Another TIL was that you can’t mix and match the spark plug cables (each cable goes to a plug in a specific cylinder) so you have to either do them one at a time or set things to the side in a way that you can put each cable back in its original position. (A lot of people on the forums realize this too late…lol.)

We also dumped some Seafoam in the gas tank before taking it down on the highway down to Cincinnati for the solar panel install. After that and the fuel injector cleaning, Garrett declared that the exhaust “smelled much happier” (?). Apparently Iron Van also had the smoothest sounding GM engine he’d ever encountered. Yay!

Alternator and Battery

After installing the solar panels, we got in the van to drive home and found that the battery was dead. This was again plausible as being an old battery, doors open all day, etc.

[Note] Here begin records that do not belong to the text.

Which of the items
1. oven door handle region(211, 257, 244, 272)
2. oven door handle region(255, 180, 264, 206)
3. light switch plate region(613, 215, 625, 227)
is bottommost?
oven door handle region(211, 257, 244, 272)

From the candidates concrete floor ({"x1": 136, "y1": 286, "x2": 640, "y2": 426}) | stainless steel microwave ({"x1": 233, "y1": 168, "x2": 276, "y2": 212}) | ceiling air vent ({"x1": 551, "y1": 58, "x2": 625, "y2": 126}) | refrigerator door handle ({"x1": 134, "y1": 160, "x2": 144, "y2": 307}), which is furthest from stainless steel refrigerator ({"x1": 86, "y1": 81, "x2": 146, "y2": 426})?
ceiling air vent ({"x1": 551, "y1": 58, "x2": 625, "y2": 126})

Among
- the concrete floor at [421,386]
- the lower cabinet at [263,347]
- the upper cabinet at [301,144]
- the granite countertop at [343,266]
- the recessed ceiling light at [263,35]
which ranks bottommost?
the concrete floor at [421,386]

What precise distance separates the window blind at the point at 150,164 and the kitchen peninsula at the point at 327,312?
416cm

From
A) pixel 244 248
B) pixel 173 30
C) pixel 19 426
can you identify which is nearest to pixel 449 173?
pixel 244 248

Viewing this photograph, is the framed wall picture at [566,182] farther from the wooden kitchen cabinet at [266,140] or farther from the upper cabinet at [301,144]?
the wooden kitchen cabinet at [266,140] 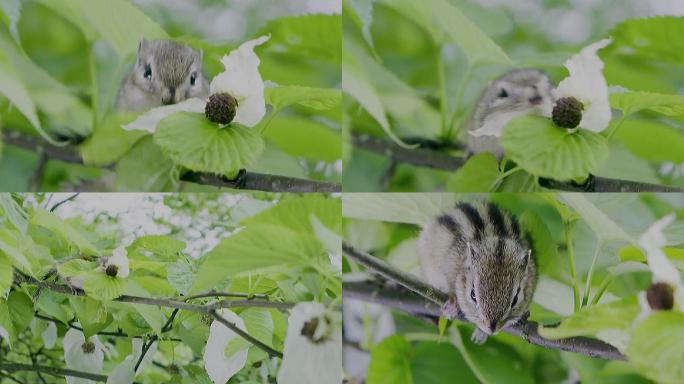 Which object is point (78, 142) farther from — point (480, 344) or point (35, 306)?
point (480, 344)

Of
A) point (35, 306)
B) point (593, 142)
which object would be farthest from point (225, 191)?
point (593, 142)

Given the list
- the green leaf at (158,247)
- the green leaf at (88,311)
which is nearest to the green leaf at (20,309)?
the green leaf at (88,311)

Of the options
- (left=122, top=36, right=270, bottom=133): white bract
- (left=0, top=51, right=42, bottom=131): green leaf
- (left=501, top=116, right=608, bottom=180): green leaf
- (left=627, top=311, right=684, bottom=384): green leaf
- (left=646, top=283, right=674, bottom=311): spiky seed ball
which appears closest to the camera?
(left=627, top=311, right=684, bottom=384): green leaf

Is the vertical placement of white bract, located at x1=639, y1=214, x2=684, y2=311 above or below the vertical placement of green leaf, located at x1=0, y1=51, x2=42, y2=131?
below

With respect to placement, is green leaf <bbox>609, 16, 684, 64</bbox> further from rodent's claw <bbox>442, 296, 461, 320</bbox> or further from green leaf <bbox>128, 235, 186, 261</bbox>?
green leaf <bbox>128, 235, 186, 261</bbox>

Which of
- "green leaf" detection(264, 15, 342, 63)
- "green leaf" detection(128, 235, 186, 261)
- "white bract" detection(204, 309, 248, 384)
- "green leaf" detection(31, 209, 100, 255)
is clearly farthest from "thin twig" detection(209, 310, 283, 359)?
"green leaf" detection(264, 15, 342, 63)

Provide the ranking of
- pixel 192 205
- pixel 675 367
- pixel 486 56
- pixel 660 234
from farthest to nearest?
pixel 192 205 → pixel 486 56 → pixel 660 234 → pixel 675 367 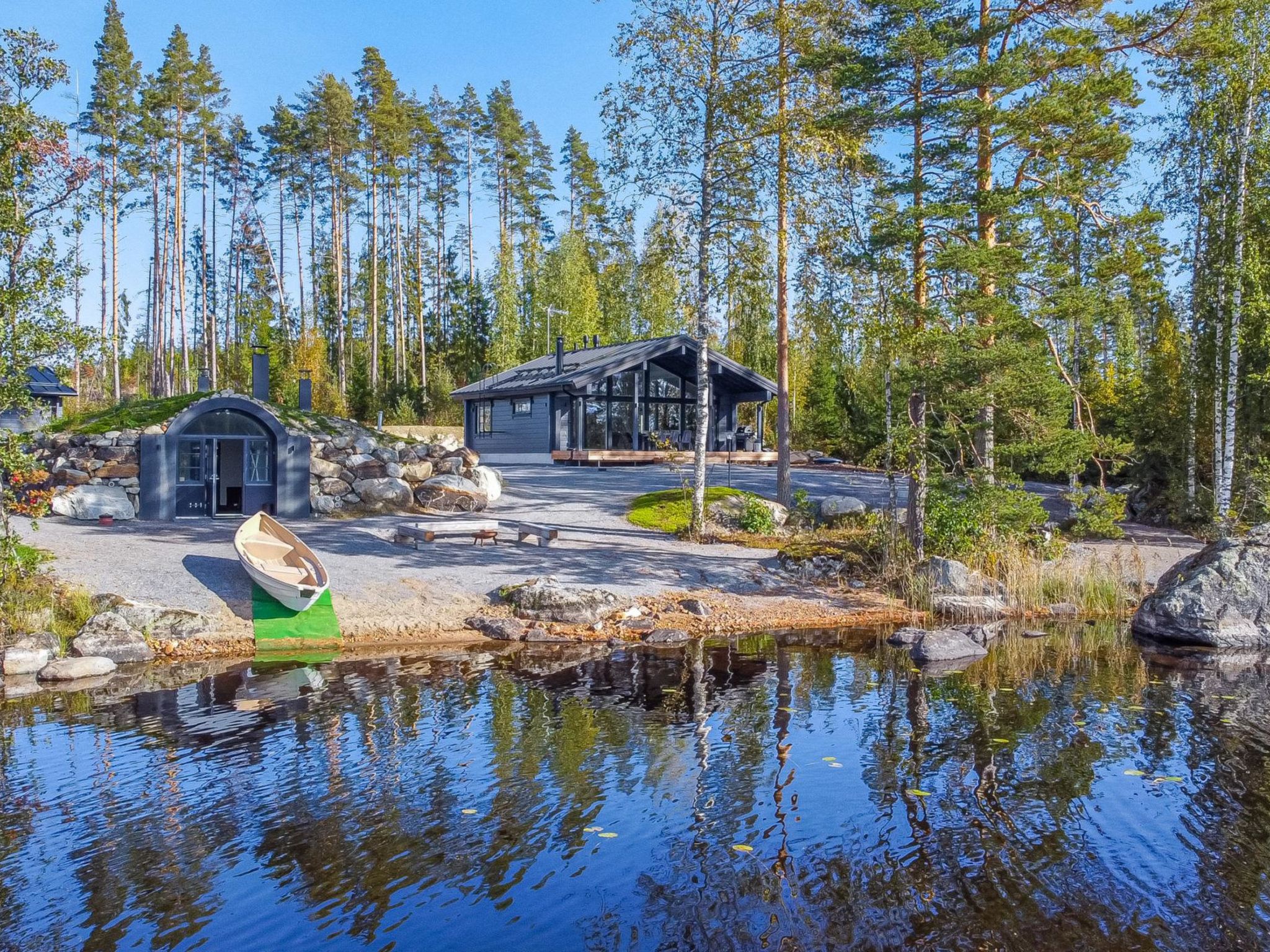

We drove to Walmart, got a new battery, and we drove back to Columbus. But not long after, the van stalled without warning on the way back from Menard’s. So it was NOT the battery…or at least not just the battery. From this fiasco I learned more about the relationship between the battery and the alternator.

The alternator charges the battery while driving (I knew at least this much…), but if something is wrong with the battery, the alternator may overwork itself to death trying to charge it to full. However, if the alternator is bad, that can also kill the battery because the battery drops too low on charge over time and becomes damaged. This can lead to a sort of chicken-and-egg scenario where you’re not sure who is killing who. *spiderman pointing meme*

Next up would be a new alternator (the one in there was so old that replacing it was a good idea anyway). I wanted to be able to charge my LiFePO4 battery off the alternator, so I got a105amp model (Ultima #3345611). Charging non-lead acid batteries that can absorb a lot of current can be hard on the alternator, but I still thought it would be good to have the option in a pinch.

Buy It Install It Forget It (TM)

100% New!

The old and exhausted alternator. It was placed in the box and returned to O'Reilly's to reclaim the core deposit.

Another TIL from all this was the existence of what’s known as a “core charge,” which is something akin to a reverse bottle deposit for car parts. Some parts are valuable enough that trading the old one in when buying the new one is an expectation that is essentially baked into the price. When you buy the new part, you hand over the old one (either immediately if you can or on a second trip if you can’t) to the place you are getting the new one at, and they knock a chunk of the price off the cost of a new one in exchange. The amount of money you get back is typically significant enough to be worth following up on. This also means that if you buy something online, the cost of shipping the old part back may actually make a local option a better value, since you can just hand it over in person.

Upon installing it, we discovered the wire to the old alternator was incredibly old and rusted. Garrett added a fresh wire and the electrical system worked fine after that (to my great relief!).

Visitor

While I had the dash out, this little guy started taking shelter in it.